• **Problem details**
Print all of the data exactly, but drop the pictures.

• **Dataset extract**
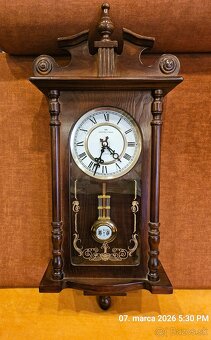 Nástenné kyvadlové hodiny - 2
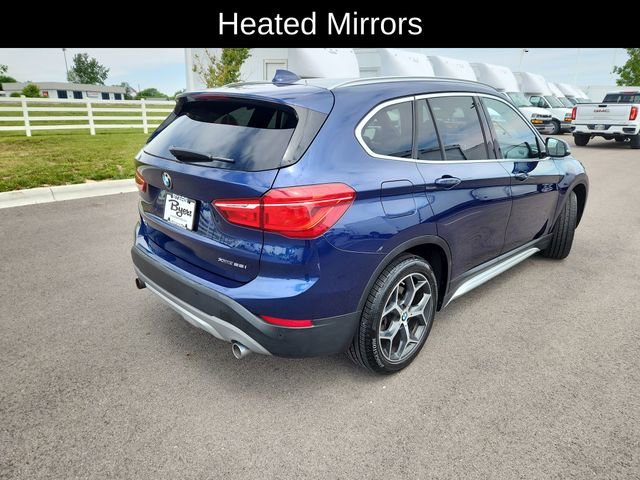 Used 2019 Blue BMW xDrive28i image 9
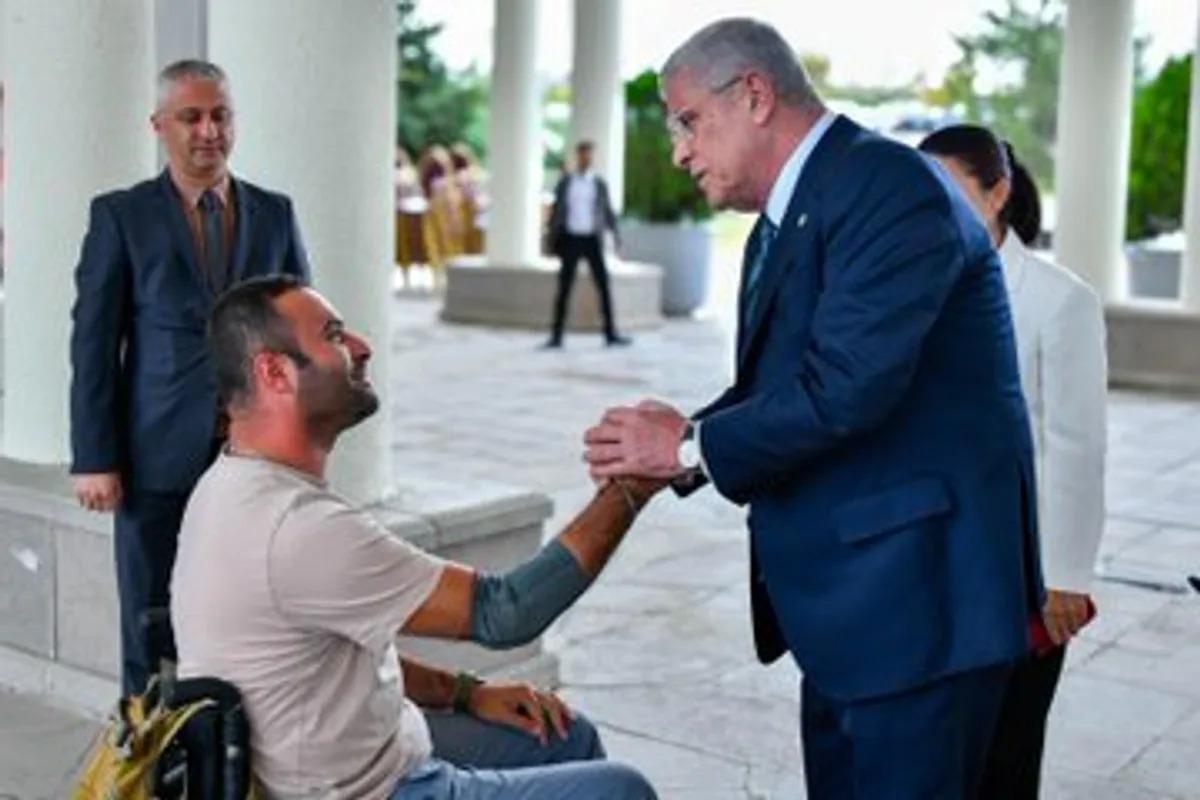 İYİ Parti Genel Başkanı Müsavat Dervişoğlu ve Kadın, Aile ve Sosyal Hizmetler Bakanı Kevser Ofluoğlu, Gaziler Fizik Tedavi ve Rehabilitasyon Eğitim ve Araştırma Hastanesi'ni Ziyaret Etti İYİ Parti Genel Başkanı Müsavat Dervişoğlu ve Kadın, Aile ve Sosyal Hizmetler Bakanı Kevser Ofluoğlu, Gaziler Fizik Tedavi ve Rehabilitasyon Eğitim ve Araştırma Hastanesi'ni Ziyaret Etti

• **Task answer**
 Nástenné kyvadlové hodiny - 2
 Used 2019 Blue BMW xDrive28i image 9
 İYİ Parti Genel Başkanı Müsavat Dervişoğlu ve Kadın, Aile ve Sosyal Hizmetler Bakanı Kevser Ofluoğlu, Gaziler Fizik Tedavi ve Rehabilitasyon Eğitim ve Araştırma Hastanesi'ni Ziyaret Etti İYİ Parti Genel Başkanı Müsavat Dervişoğlu ve Kadın, Aile ve Sosyal Hizmetler Bakanı Kevser Ofluoğlu, Gaziler Fizik Tedavi ve Rehabilitasyon Eğitim ve Araştırma Hastanesi'ni Ziyaret Etti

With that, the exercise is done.